◆ Material provided ◆
◇ ◇ ◇ ◇ ◇
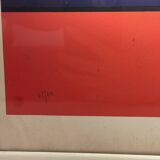 Silkscreen 'IPPA' Pop Art, Paul Van Hoeydonck, N42/110, 1987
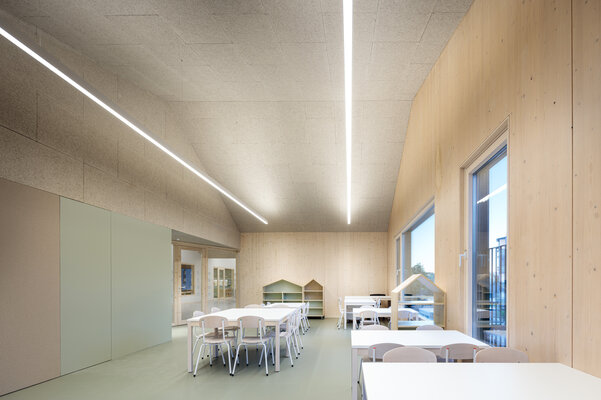 Kindergarten Hauderweg, Linz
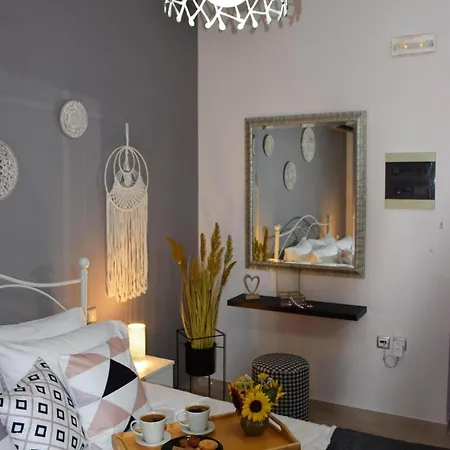 Appartement Stamatina's Luxury Penthouse In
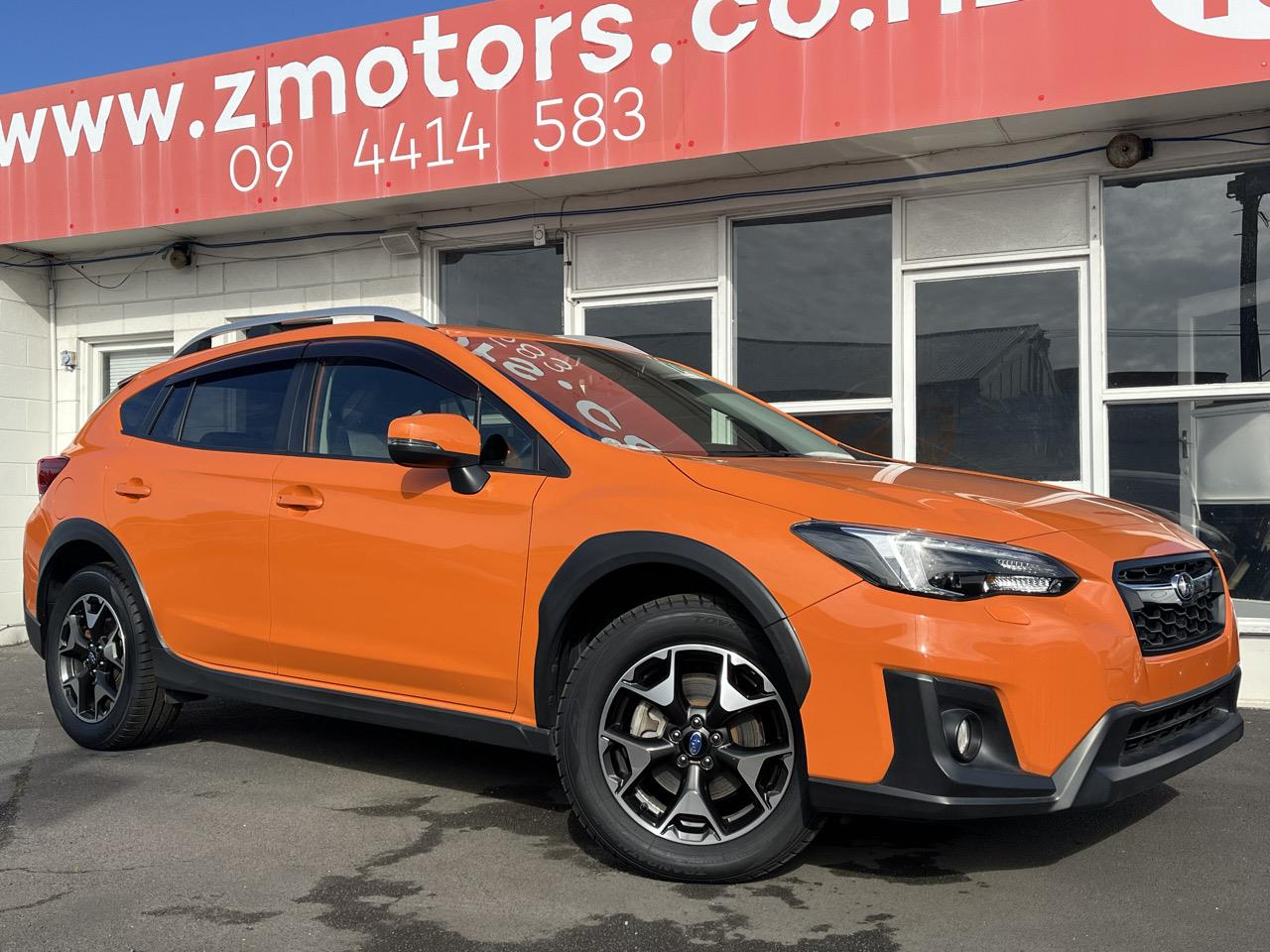 2018 Subaru XV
◇ ◇ ◇ ◇ ◇
◆ What is required ◆
Copy out the listing above in full and keep the pictures out.

◆ Task answer ◆
 Silkscreen 'IPPA' Pop Art, Paul Van Hoeydonck, N42/110, 1987
 Kindergarten Hauderweg, Linz
 Appartement Stamatina's Luxury Penthouse In
 2018 Subaru XV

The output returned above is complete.